Friday, February 22, 2013

GHOSTS




       Last night we went to our great-neice's Recreation League basketball game in the local Community Rec Center.  Fifty-seven years ago, that building was the gymnasium for the town's high school. Adjacent to the gym is the baseball field, now used primarily for Rec League soccer games. I attended high school in the county-seat town some 15 miles away and the school here was our big athletic rival. 
    Prior to last night's game, I decided to 'stretch my legs' and walk in the area.  As it developed, more than the legs were 'stretched'.  As a high school athlete, I never attracted the attention of college and university scouts but I played well enough to enjoy the games.  Taking my seat at game time, I remembered that it was in this same building that I scored my 'career high' eighteen points, as  we who started the game, as well as the #6 player, all scored in double figures to avenge the previous year's tournament loss to this school. (Remember, this was in 1956...the numbers are indelibly locked within my brain cells.)  I 'called the roll' of our team members, sadly noting the recent death of Billy Joe, our Center.
   When walking past the baseball field which was the largest in the county, I had remembered that my now-friend threw a curve that I never solved.
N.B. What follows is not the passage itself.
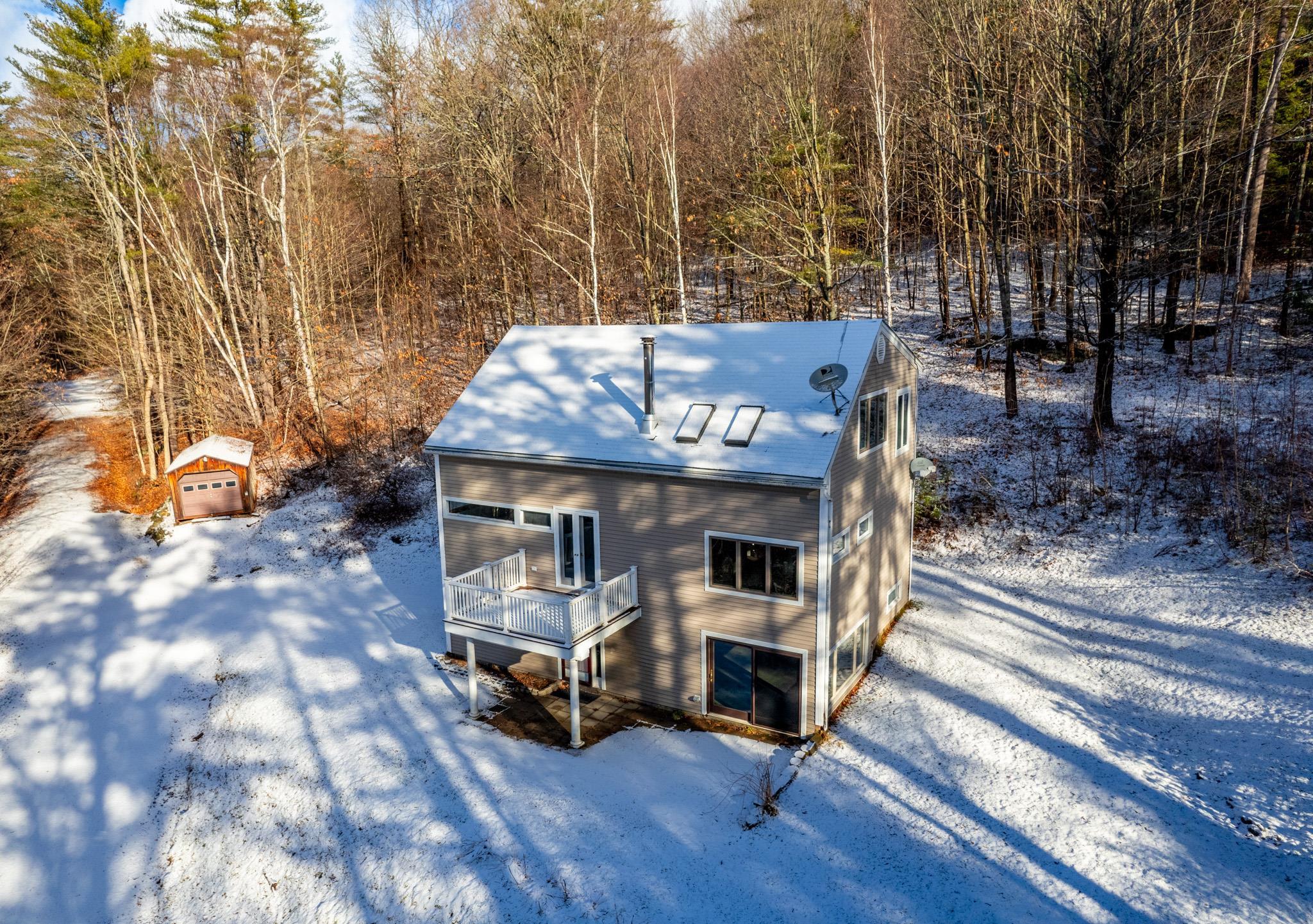  22595981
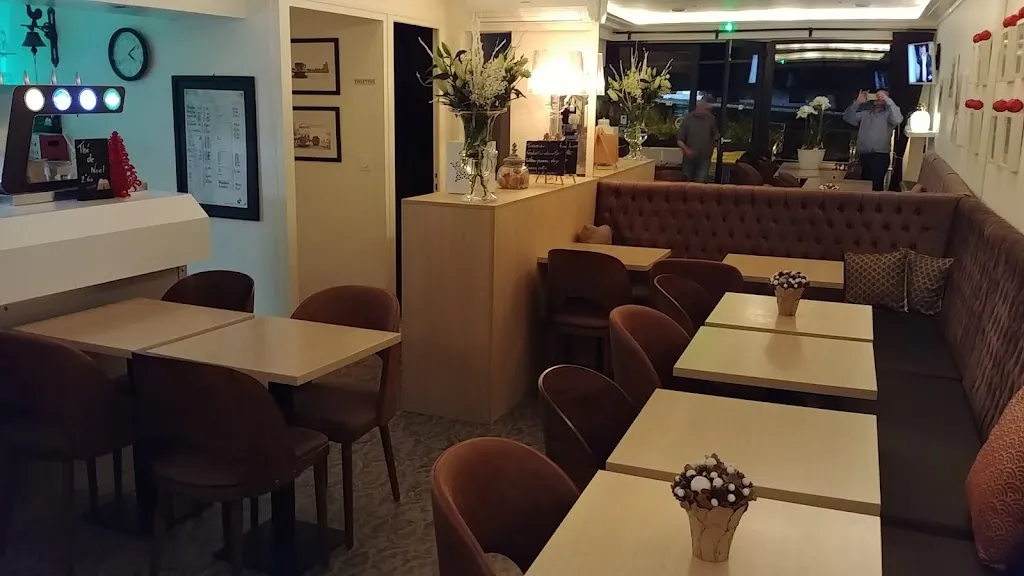 Bar du Midi restaurant in Ribérac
It was also here in batting practice try-out for the county American Legion team  that I 'knew' I had secured a uniform.  This was before dad gave me the reality lesson that my attendance at college in the fall meant that I had to have summer employment in order to help with the expenses.  Was I disappointed?  Is New York City a large town? Did I also 'understand'? Of course.  
   Stopping to look at the 'stadium' , I again 'called the roll': "Junior" pitching for 'them',  the same basketball Center was also our mainstay pitcher.  Then there was Gwen and later 'Tiny' (6'6") as catcher, Billy or Larry at third (both also deceased), Herman (deceased) or Vossie at second, Jerome at shortstop, Carl in left field, Jimmy in centerfield, J.B. played right, my younger brother was that year a 'bench warmer' awaiting his time of 'glory' later  and I was first-baseman. Both teams were coached by the same teacher who also taught Physics, Chemistry and French I and II.  How's that for multi-tasking?  Coach was essentially bald and, in adolescent fashion, we nicknamed him 'Curly', though no one ever addressed him with that moniker.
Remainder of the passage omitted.